Chefs Florent and Amelia Marneau start anew in Newport

When Marchè Moderne quietly shuttered at South Coast Plaza more than three years ago, everyone admitted to having a dish that they would miss. Some spoke of decadent plates such as Chef Florent Marneau’s roasted bone marrow that spread like butter across grilled slices of toasty baguette. Others languished about his divinely simple succulent chicken with creamy whipped potatoes. The buttery flavor transported you back to your grandma’s country kitchen–even if your Nana didn’t live in the country or step foot in a kitchen. Then, there were Amelia’s desserts. Macarons and creamy custard-filled Napoleons. Confections that sometimes outshone her husband’s savory efforts.

That was the thrill of Marchè Moderne. The cooking transcended its location. You never felt as if you were eating in a shopping center, let alone one in Orange County. The service and the food felt more like Cannes than Costa Mesa.

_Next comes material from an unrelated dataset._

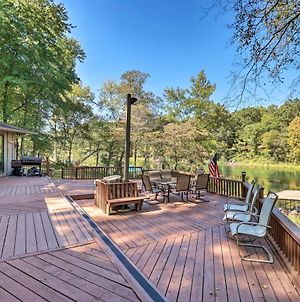 Riverfront Retreat With Fire Pit Fish And Hike! Villa Heber Springs Exterior photo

The Marneaus capitalized on their unique talents in the kitchen. But, Florent and Amelia needed a new beginning. They closed their South Coast Plaza perch and opened a new space last summer.

The restaurant in Newport Beach is elegant but not stuffy. It’s homey and comforting, with odes to the French countryside and Paris’ refined bistros. Here, the chefs helm the kitchen and exhibit a few techniques reminiscent of The Ritz in Paris.

An opening night soirée felt like the couple’s own housewarming party. The chefs Marneau welcomed family, friends and VIPs for a sneak peek at the restaurant. Several loyal fans rejoiced that they didn’t forget the classic favorites: Charcuterie freshly sliced with a variety of cheeses and seasonal accoutrements. A soft egg custard served warm in-shell with seared foie gras and a whisper of truffle oil delighted guests, while freshly shucked oysters and bubbly Champagne signaled that the couple is back and ready to party.

While the dishes continue to remain well executed and refined, there is still one hitch: no lunch service. At the old location, an afternoon lunch would serendipitously linger for hours. That was another charming element of Marchè Moderne. I will miss that. However, I’m looking forward to the Marneau’s next chapter.